Which of us in what we might call Jewish areas has not had that feeling this week? Which of us hasn’t looked over our shoulder as we went about our business?

In that context, it’s been important that there have been words of support from the Prime Minister, Home Secretary, Leader of the Opposition and other senior politicians. They may be ritualised but as every Jew knows, rituals matter. And when the PM appears in shul alongside the Chief Rabbi, it matters.

But when that is basically all there is, it matters even more.

Monday’s vigil outside Downing Street was a sombre but uplifting occasion. But it was an event organised by and for Jews. You will waste a lot of time looking for anything organised by non-Jews to express their support for the community, let alone for Israel, because it doesn’t exist. There have been synagogue services and meetings, of course. But something in solidarity organised by a church, a mosque, a Hindu temple or — as if, given their appalling record — a Quaker meeting hall? Nothing.

The reason, of course, is that it is Jews who died. Maybe they think that’s our role in life. Maybe they simply don’t care. Or maybe they have the same attitude as the BBC, that there are two sides to every story — even when one side rapes and murders and the other side is raped and murdered, so best, all things considered, not to side with anyone.

Thus when the suggestion was made that there might be a mark of respect at Premier League matches this weekend, it was reported that “concerns have been expressed in private over clubs being accused of taking sides”. Yeah, those dead babies are so divisive.

I always tell people, because it is true, that being a British Jew today makes me one of the luckiest Jews who has ever lived, because we are as safe, secure and integrated as any Jewish community has ever been.

But it’s all relative. When push comes to shove, we are alone. Where is the solidarity? Where is the support? Where are the celebrity rent-a-quotes who opine on everything but are suddenly mute when it comes to dead Jews.

We all have non-Jewish friends, I am sure, who are mensches. But overall, they are a fraction. At best the attitude is indifference. At worst, something else altogether. Which brings us to the BBC. When our national broadcaster — and yes, dear BBC, we Jews also pay our licence fee — is unwilling to describe the people who committed such bestial acts in Israel as terrorists, the rational response is to ask why. Especially when the BBC has had no problem labelling Islamic State and al-Qaeda as terrorists.

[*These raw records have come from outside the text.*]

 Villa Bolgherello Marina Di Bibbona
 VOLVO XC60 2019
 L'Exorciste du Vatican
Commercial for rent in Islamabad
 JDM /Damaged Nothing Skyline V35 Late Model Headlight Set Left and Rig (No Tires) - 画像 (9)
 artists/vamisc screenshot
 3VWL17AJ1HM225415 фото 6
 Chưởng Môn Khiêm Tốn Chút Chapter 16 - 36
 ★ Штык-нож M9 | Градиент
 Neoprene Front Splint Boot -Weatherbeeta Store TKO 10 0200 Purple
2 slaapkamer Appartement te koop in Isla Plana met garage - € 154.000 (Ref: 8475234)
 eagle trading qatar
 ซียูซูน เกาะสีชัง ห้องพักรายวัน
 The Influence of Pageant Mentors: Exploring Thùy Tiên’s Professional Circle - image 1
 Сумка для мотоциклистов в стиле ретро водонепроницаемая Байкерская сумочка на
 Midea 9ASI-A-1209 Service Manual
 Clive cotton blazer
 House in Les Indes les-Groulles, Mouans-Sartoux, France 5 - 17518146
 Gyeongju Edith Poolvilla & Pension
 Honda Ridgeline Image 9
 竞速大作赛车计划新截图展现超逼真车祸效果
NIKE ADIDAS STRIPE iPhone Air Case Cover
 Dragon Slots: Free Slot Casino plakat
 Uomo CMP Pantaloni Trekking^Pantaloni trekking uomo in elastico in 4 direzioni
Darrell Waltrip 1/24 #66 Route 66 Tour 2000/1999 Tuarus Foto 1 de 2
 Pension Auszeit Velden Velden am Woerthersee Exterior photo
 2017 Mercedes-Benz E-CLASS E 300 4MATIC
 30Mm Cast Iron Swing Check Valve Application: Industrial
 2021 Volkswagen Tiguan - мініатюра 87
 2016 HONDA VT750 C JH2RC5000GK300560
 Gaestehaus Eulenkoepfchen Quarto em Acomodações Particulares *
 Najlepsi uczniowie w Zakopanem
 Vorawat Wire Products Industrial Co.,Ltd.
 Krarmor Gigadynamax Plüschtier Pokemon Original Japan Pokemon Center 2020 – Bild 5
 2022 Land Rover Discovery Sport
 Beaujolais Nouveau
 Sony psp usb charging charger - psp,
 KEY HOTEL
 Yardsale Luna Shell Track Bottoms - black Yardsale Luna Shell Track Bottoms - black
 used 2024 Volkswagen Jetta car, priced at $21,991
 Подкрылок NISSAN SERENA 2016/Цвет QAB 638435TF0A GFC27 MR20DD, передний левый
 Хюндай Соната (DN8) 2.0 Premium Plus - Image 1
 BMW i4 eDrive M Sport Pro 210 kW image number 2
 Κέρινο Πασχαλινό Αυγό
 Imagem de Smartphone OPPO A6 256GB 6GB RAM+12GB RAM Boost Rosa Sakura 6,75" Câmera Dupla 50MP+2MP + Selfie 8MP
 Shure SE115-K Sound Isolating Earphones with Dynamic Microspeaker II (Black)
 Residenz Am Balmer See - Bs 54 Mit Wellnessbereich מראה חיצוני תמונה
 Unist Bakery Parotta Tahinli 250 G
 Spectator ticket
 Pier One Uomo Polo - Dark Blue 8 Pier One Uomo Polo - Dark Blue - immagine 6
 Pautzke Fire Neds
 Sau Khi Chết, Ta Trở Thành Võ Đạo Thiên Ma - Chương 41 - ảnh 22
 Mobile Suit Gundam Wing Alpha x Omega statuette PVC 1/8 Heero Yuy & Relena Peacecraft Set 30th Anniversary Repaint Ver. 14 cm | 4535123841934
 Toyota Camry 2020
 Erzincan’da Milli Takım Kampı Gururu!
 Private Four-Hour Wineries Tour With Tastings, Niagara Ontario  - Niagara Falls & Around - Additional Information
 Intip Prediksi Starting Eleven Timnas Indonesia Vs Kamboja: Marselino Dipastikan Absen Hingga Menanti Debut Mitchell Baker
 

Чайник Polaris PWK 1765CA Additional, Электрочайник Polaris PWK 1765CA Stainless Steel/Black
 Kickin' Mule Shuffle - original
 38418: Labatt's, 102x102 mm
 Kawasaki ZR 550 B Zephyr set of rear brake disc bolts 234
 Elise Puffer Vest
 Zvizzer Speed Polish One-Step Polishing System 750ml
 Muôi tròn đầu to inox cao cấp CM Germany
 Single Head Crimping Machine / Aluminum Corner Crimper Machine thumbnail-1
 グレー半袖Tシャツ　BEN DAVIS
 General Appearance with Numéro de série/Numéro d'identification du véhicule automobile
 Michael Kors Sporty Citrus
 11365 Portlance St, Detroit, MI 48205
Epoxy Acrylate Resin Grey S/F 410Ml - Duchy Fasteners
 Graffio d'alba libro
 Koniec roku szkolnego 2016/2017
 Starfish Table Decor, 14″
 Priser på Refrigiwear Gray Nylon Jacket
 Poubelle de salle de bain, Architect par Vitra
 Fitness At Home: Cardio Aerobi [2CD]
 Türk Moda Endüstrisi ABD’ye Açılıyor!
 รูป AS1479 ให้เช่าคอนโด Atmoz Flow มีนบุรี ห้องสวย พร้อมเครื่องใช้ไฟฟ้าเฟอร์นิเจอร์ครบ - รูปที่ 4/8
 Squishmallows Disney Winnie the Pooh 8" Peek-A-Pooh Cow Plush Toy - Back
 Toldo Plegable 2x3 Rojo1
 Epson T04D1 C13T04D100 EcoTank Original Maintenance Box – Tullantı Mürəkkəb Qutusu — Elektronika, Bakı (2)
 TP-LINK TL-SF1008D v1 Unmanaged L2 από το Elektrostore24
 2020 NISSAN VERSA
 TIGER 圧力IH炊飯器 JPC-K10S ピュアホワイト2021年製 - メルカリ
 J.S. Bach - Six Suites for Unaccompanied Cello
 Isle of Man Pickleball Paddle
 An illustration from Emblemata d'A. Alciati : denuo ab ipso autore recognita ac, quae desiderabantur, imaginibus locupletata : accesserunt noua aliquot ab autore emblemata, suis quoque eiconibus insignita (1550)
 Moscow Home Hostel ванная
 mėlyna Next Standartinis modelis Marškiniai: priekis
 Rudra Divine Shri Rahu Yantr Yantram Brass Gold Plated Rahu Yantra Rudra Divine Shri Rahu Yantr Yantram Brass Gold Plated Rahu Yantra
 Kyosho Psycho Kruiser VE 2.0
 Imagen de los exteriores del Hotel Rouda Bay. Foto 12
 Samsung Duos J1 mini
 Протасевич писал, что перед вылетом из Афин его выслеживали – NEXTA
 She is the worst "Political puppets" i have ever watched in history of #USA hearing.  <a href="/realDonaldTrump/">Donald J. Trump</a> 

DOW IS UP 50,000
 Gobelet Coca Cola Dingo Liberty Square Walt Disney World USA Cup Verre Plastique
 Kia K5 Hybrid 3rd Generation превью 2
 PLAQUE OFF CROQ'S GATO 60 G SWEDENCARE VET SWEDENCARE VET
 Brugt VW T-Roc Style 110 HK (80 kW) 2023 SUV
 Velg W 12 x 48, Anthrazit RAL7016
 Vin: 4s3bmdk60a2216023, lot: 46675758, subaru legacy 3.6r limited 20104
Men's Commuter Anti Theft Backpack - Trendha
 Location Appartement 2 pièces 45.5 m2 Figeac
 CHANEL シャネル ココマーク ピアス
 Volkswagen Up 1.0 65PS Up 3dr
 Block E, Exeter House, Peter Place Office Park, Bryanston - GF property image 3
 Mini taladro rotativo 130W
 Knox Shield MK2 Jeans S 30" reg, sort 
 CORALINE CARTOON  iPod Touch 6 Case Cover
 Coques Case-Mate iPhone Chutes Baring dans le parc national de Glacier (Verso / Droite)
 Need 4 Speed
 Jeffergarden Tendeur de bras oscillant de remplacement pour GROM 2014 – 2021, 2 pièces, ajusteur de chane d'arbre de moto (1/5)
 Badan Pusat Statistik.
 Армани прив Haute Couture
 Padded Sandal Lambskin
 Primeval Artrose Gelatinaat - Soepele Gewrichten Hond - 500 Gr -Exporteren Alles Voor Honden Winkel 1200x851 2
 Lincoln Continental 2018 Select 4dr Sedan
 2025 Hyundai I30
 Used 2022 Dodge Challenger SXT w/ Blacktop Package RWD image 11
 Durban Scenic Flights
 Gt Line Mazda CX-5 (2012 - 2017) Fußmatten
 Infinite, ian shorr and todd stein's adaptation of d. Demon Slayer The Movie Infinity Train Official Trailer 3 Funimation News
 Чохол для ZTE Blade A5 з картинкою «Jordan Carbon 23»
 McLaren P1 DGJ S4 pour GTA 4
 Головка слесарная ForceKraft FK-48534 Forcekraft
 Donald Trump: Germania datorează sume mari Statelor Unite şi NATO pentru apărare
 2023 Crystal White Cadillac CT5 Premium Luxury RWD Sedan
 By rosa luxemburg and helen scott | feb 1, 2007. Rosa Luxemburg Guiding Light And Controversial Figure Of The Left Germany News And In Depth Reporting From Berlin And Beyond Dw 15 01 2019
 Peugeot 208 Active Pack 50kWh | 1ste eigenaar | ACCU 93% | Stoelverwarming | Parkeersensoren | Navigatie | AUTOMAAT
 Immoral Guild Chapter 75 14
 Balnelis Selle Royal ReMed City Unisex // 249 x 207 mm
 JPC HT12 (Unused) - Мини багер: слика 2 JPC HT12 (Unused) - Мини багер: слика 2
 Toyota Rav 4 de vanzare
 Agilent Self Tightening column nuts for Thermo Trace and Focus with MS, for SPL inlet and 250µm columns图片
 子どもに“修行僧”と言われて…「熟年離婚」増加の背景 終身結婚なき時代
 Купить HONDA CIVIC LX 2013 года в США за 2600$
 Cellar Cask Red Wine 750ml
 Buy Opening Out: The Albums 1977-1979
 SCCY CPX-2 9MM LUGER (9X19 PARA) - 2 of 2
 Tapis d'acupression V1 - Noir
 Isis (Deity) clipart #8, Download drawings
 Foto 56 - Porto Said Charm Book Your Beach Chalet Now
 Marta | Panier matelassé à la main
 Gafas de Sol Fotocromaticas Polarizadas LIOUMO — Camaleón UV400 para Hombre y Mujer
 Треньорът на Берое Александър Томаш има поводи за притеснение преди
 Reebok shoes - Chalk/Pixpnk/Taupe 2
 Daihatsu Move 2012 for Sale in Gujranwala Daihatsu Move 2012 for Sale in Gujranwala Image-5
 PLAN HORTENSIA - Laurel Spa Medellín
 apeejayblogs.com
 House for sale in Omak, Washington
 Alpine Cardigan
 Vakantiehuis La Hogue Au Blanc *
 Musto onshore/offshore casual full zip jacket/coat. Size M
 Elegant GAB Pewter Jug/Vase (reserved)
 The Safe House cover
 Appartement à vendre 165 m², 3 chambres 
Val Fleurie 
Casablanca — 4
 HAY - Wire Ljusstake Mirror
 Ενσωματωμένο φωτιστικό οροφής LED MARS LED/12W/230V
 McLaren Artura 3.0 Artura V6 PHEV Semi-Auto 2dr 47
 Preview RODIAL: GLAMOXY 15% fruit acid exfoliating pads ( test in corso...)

Hmmm. What could it be about the Jewish victims of terror that meant they were victims of “gunmen”? What could it have been about the Jewish children who were attacked on a coach in Oxford Street at Chanukah in 2021 that led the BBC to spread the fiction that the Jewish boys had first made an “anti-Muslim slur”? I’m struggling to think.

Almost every Jew I know is outraged at the BBC’s coverage of this latest murderous attack on Jews. But where is the outrage from anyone who isn’t Jewish? Other than the wonderful Ian Austin, I’ve not seen a word of criticism.

That absence can be telling. When Gary Lineker was in the crossfire over his crass comparison of Suella Braverman’s language with the Nazis, he insisted that he would carry on speaking out on issues that mattered to him. One of which is Palestine.

In December he described the killing of a Palestinian by Israeli soldiers as “awful”. The man who died was a Hamas terrorist who was shooting at the soldiers. But that was of no interest to Lineker.

What has he had to say about 1,200 dead Israelis, murdered for going to a music festival or going about their lives? Nothing.

None of this is surprising. None of it is a shock. We are used to it. But we shouldn’t have to be.